個人事業主の場合所得税の累進課税制度の影響を受けますが、695万円を超えて900万円までが23%、900万円を超えて1,800万円までは33%と、900万円を超えたあたりから税率が跳ね上がるため、900万円~1,800万円のエリアの所得があるあたりから、100万円節税できれば33万円、200万円節税できれば66万円となってくるため、そういった節税のアイデアをよく知っている税理士に頼むことで税理士報酬を超える節税メリットを享受しやすくなります。4,000万円を超えた最高税率は45%でそこまで所得があれば数百万円の節税は比較的簡単にできると思うので、200万円で90万円の節税効果があり、お金持ちほど得をしやすい状況になって行きます。

法人の実効税率は大体30%程度

法人税も色々と税率の計算が必要ですが、大体30%程度と言われています。したがって、200万円で60万円の節税効果、300万円で90万円の節税効果が期待できます。法人は従業員を雇っていれば福利厚生費という従業員に還元することで費用計上できる勘定科目が使えるため、比較的節税もやりやすく、また法人になってくると規模も大きくなってくるため(個人事業主のまま大規模になる人もいると思いますが)、金額ボリューム的にも節税の効果を上げやすくなります。

また、個人事業主が所得900万円から累進課税で33%になり法人税の実効税率を超え始めるため、税制の観点からは所得1,000万円あたりが法人化するかどうかを検討する分岐点になるようです。
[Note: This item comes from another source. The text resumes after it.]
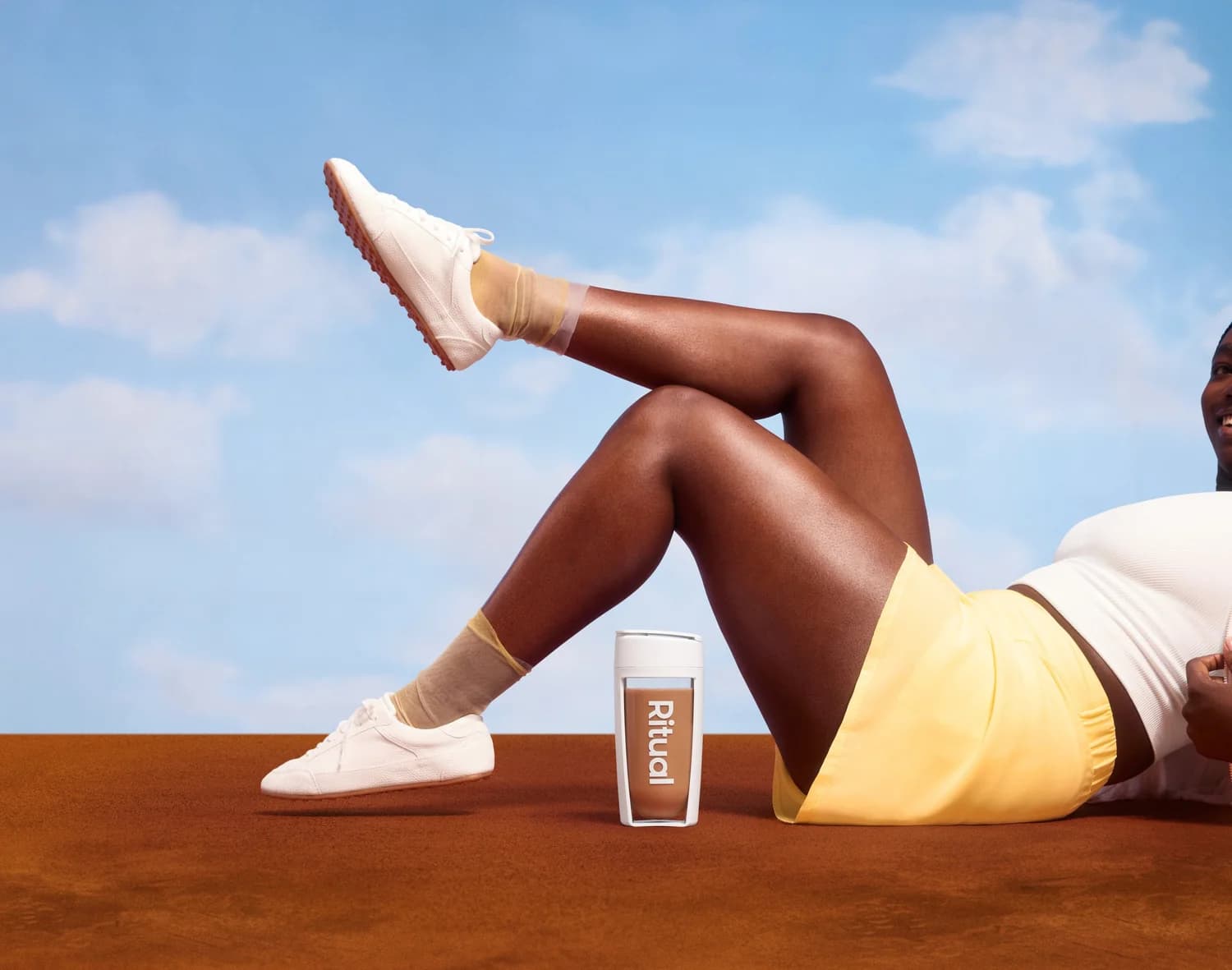 Ritual Chocolate Protein beside training shoes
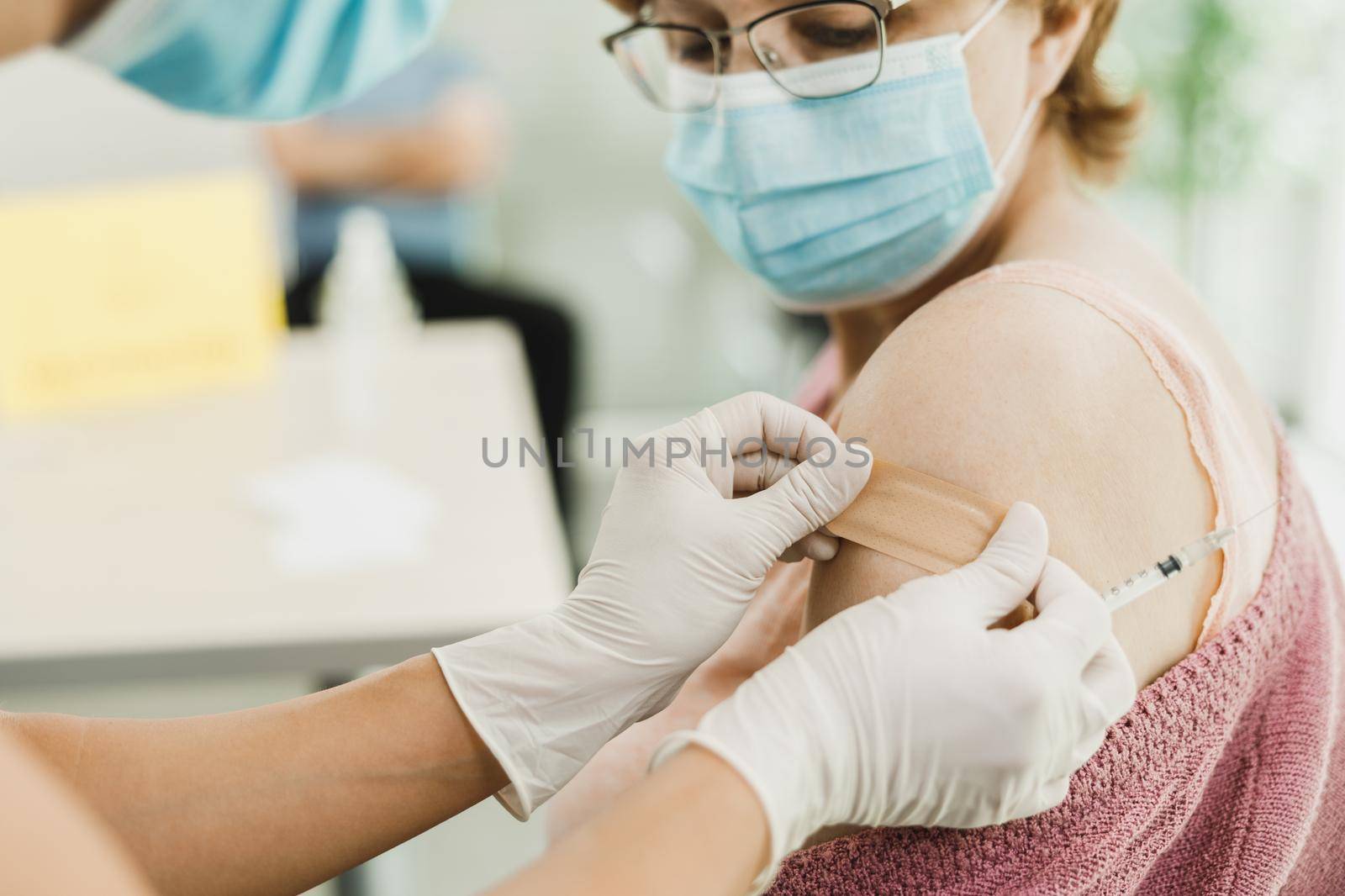 Close-up of a nurse applying a band aid to a senior woman after receiving a vaccine due to coronavirus epidemic.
もちろん、税制は関係なくとにかく信用のために株式会社化したいとか、別の理由で法人化する場合はこの限りではありません。

節税について考えるのが好きかどうかも検討要素

節税について、いろいろとスキームを考えるのが好きな社長である場合、税理士が入ってもほとんど追加で節税するような余地が無い場合があります。そういった場合は、節税効果による金銭的メリットはないためあまり税理士に頼る必要が無く、申告だけ依頼した方が特になる可能性があります。ただ、社長がいかに税金を払わずに済むかに貴重な時間をかけすぎると、本業の業績を伸ばすためにかけるべき時間が奪われていくため、基本的には専門家に任せて本業に集中した方が結果的にはプラスになるのではないかと思います。